*EXERCISE PROMPT*
Reproduction of part of the material below, pictures omitted: copy exactly, and only, the lines starting with the one with "Couple Allongé sur" and going on through the one with "1004 Lakeside, Gardnerville, Nevada".
====== STORED DATA ======
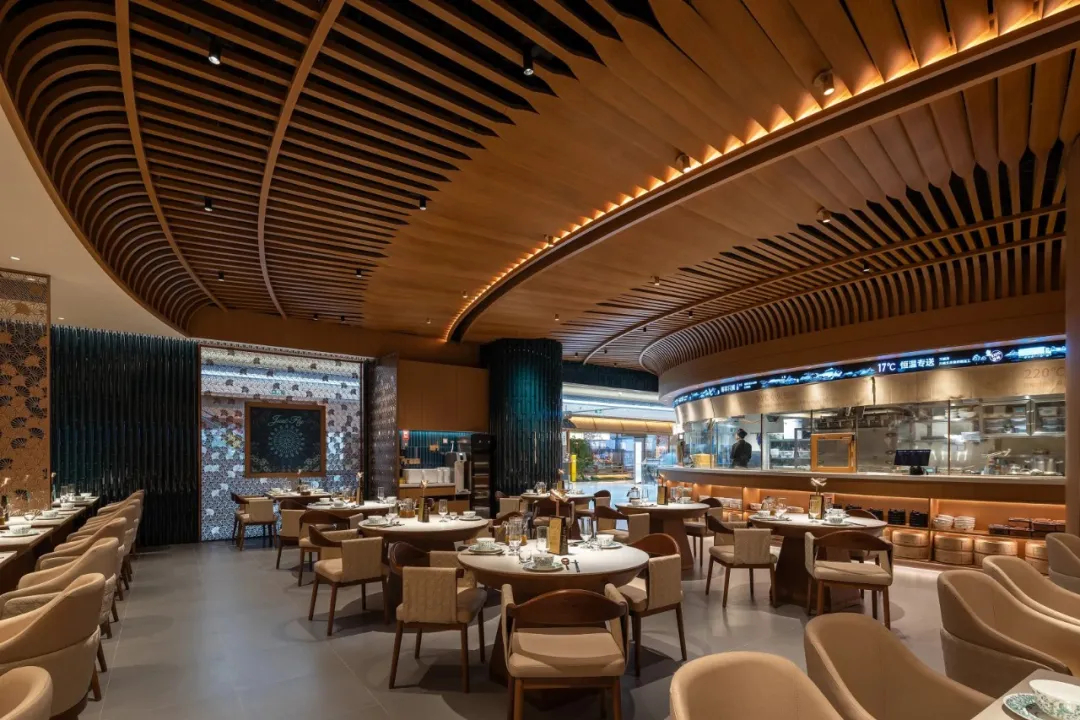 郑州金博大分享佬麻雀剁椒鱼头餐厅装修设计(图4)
======
====== STORED DATA ======
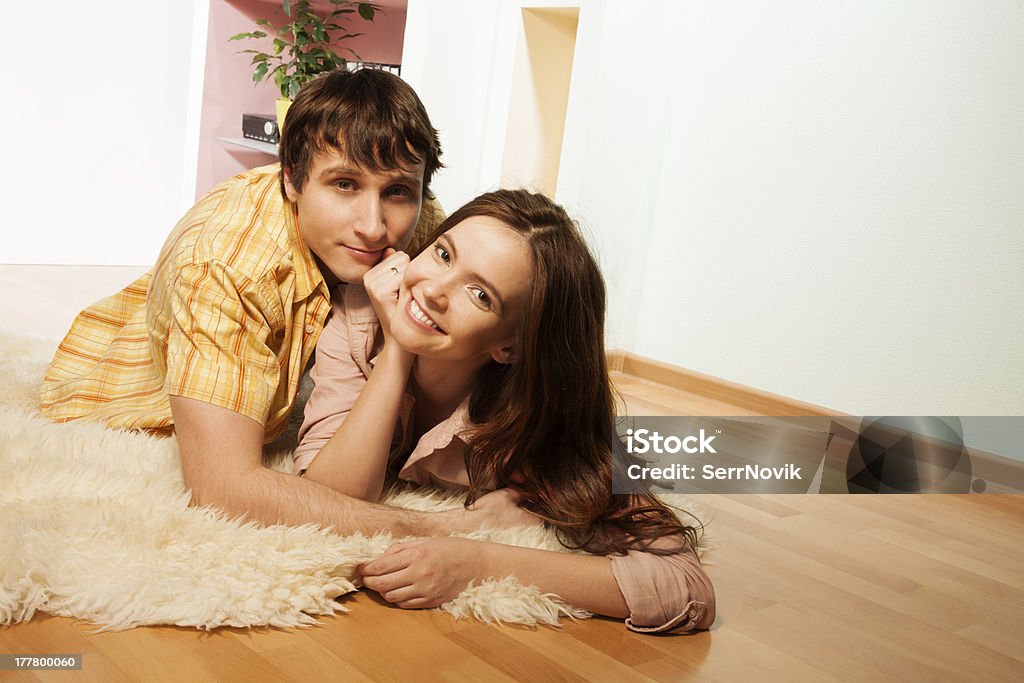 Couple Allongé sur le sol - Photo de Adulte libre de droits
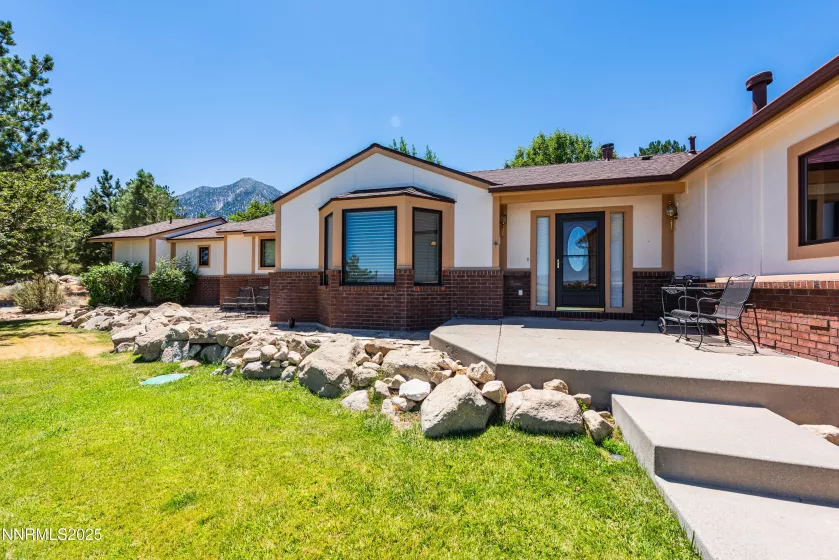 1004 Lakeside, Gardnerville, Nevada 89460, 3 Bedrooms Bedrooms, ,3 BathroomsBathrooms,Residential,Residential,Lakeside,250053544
======
*WRITTEN RESPONSE*
 Couple Allongé sur le sol - Photo de Adulte libre de droits
 1004 Lakeside, Gardnerville, Nevada 89460, 3 Bedrooms Bedrooms, ,3 BathroomsBathrooms,Residential,Residential,Lakeside,250053544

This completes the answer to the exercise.